Przypomnijmy, chodzi m.in. o seryjnych morderców, którzy za swoje zbrodnie zostali skazani na karę śmierci. Mieli jednak sporo szczęścia. W 1988 r. wprowadzono w Polsce moratorium na wykonywanie kary śmierci. Rok później objęła ich amnestia, na mocy której kary śmierci zostały zamienione na 25 lat pozbawienia wolności.
W efekcie takie postaci jak „Wampir z Bytowa" czy „Szatan z Piotrkowa", wkrótce mogą pojawić się na polskich ulicach, jako wolni obywatele.
Państwo ma problem, gdyż sprawa wykracza poza ogólnie przyjęte standardy państwa prawa.

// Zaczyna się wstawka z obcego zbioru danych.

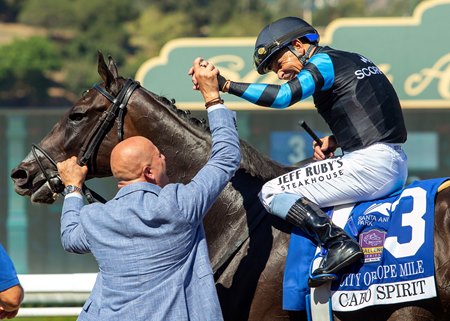 Jockey Mike Smith celebrates Cabo Spirit's City of Hope Mile win with trainer George Papaprodromou at Santa Anita Park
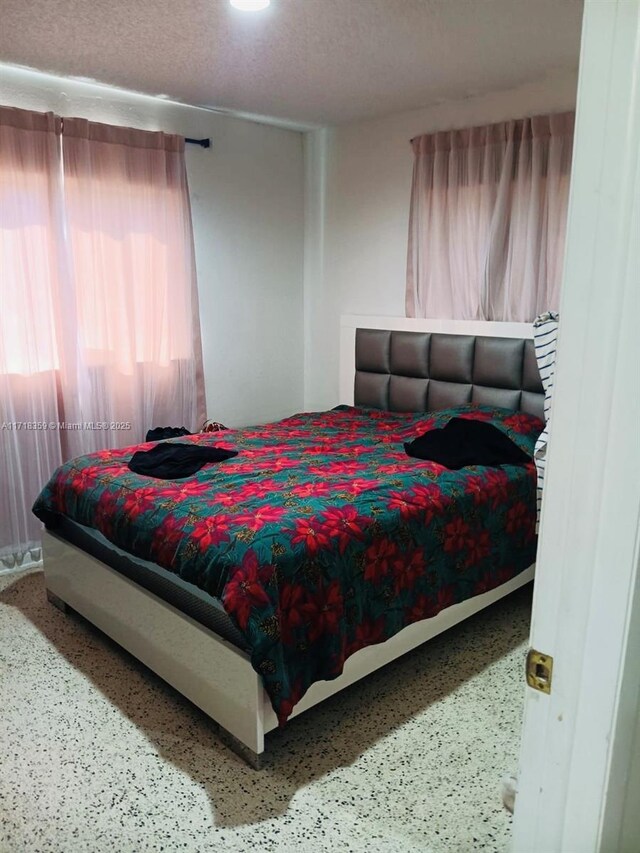 bedroom with a textured ceiling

Bo przecież skazani, którzy odbyli już swoje wyroki są wolni. Z drugiej jednak strony ci sami ludzie w dalszym ciągu mogą być jednak „niebezpiecznymi zwierzętami". Weryfikacja tego, czy więzienne metody resocjalizacji odniosły w ich przypadku skutek, jest dość ryzykowna i bezwzględnie społeczeństwo nie powinno być poddawane takiej próbie.
Zagrożenie jest realne, a państwo musi ten problem rozwiązać, dodatkowo nie ujmując jednocześnie konstytucyjnym standardom.